=== MATERIAL PROVIDED ===
╭──
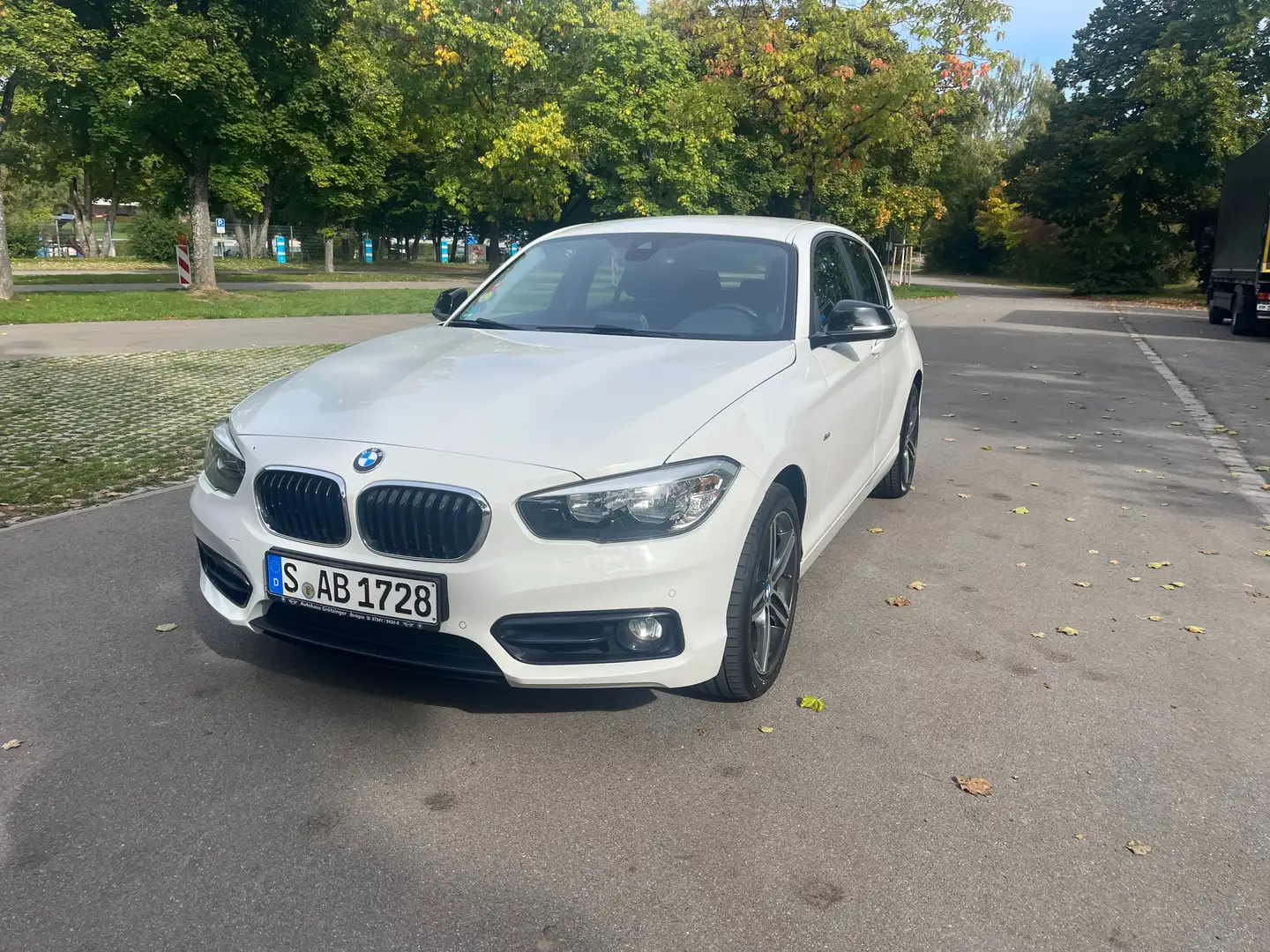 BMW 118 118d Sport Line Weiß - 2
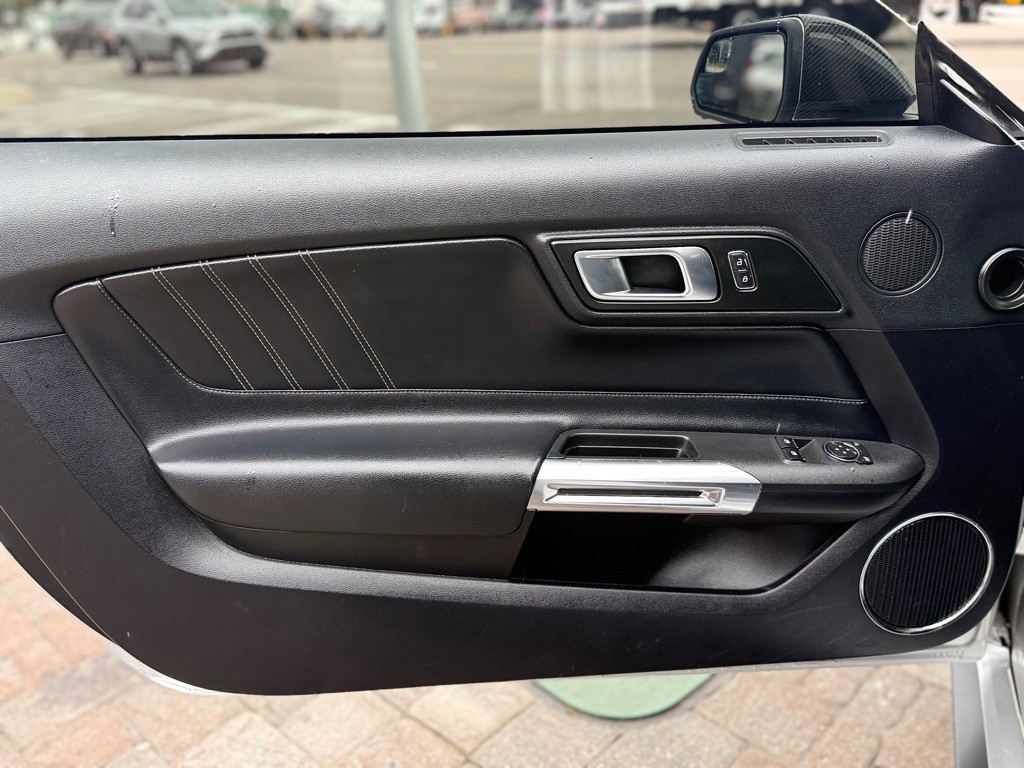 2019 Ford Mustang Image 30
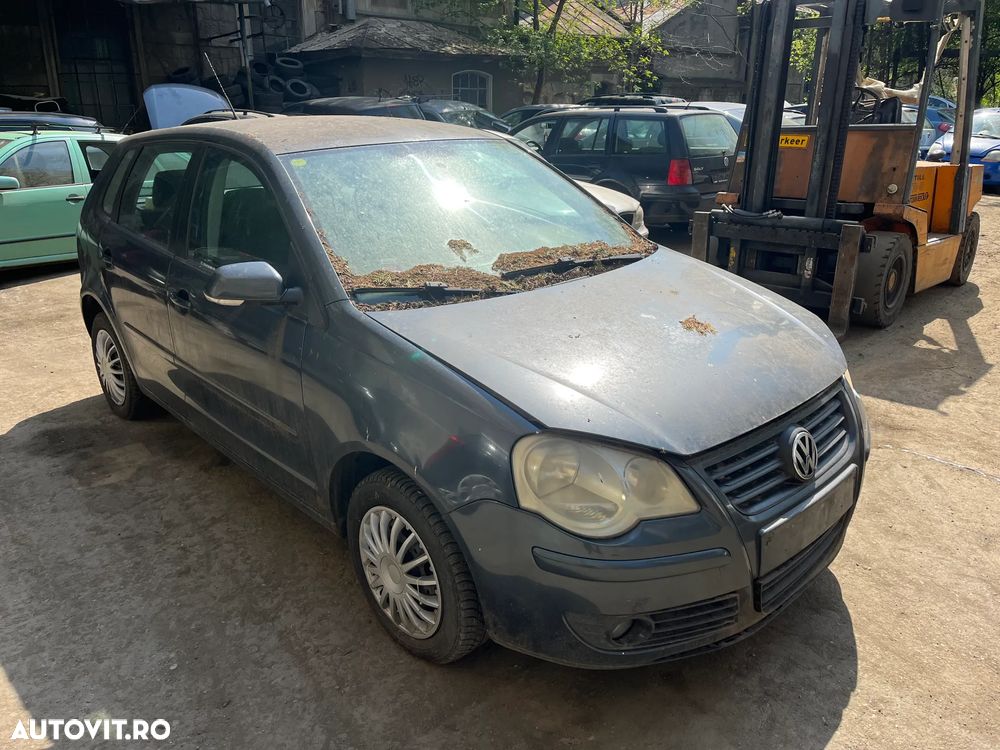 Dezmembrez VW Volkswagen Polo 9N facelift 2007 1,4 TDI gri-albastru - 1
╰──
=== TASK OBJECTIVE ===
I'd like the data above duplicated exactly, with no pictures included.

=== TASK RESPONSE ===
 BMW 118 118d Sport Line Weiß - 2
 2019 Ford Mustang Image 30
 Dezmembrez VW Volkswagen Polo 9N facelift 2007 1,4 TDI gri-albastru - 1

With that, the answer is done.